Naming rights. First, middle, and last! Glimpses
of God every day. Giggles under the covers every night.
More love than your heart can hold. Butterfly
kisses and Velcro hugs. Endless wonder over rocks,
ants, clouds, and warm cookies. A hand to hold, usually
covered with jam. A partner for blowing bubbles, flying
kites, building sand castles, and skipping down the sidewalk in the pouring rain.
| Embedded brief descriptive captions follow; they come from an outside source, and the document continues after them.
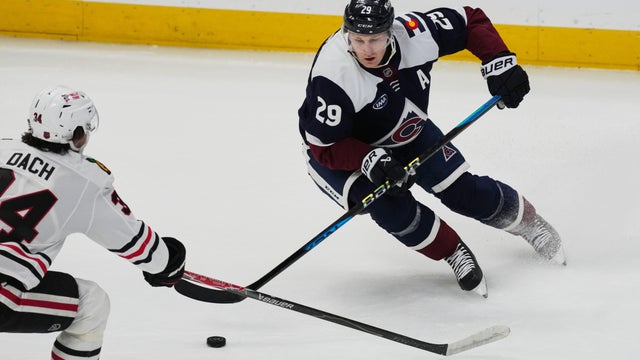 Blackhawks Avalanche Hockey 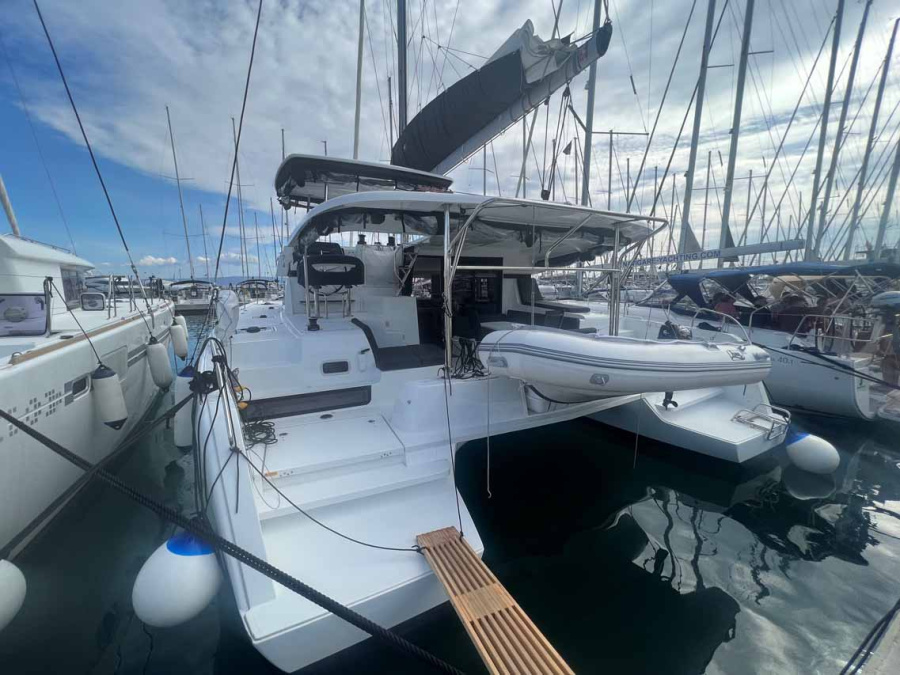 Photo #1 - Lagoon 42 - 4 + 2 cab. (Top Light) in ACI Marina - 36772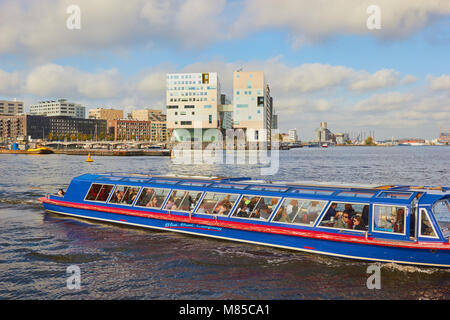 Gita in barca sul fiume IJ e Palazzo di Giustizia (Paleis van Justitie), da Felix Claus, IJdock, Amsterdam, Paesi Bassi. Uno di un complesso di buil Foto Stock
Someone to laugh yourself silly with no matter what
the boss said or how your stocks performed that day. For
$160,140, you never have to grow up. You get to finger-paint,
carve pumpkins, play hide-and-seek, catch lightning bugs, and never stop believing
in Santa Claus. You have an excuse to keep: reading
the Adventures of Pooh and watching Saturday morning cartoons, going to Disney
movies, and wishing on stars. You get to frame rainbows,
hearts, and flowers under refrigerator magnets and collect spray painted noodle
wreaths for Christmas, hand prints set in clay for Mother's Day, and cards with
backward letters for Father's Day. For $160,140, there
is no greater bang for your buck. You get to be a
hero just for retrieving a Frisbee off the garage roof, taking the training wheels
off the bike, removing a splinter, filling a wading pool, coaxing a wad of gum
out of bangs, and coaching a baseball team that never wins but always gets treated
to ice cream regardless. You get a front row seat
to history to witness the first step, first word, first bra, first date, and first
time behind the wheel. You get to be immortal. You
get another branch added to your family tree, and if you're lucky, a long list
of limbs in your obituary called grandchildren. You
get an education in psychology, nursing, criminal justice, communications, and
human sexuality that no college can match. In the
eyes of a child, you rank right up there with God. You
have all the power to heal a booboo, scare away the monsters under the bed, patch
a broken heart, police a slumber party, ground them forever, and love them without
limits, so one day they will, like you, love without counting the cost.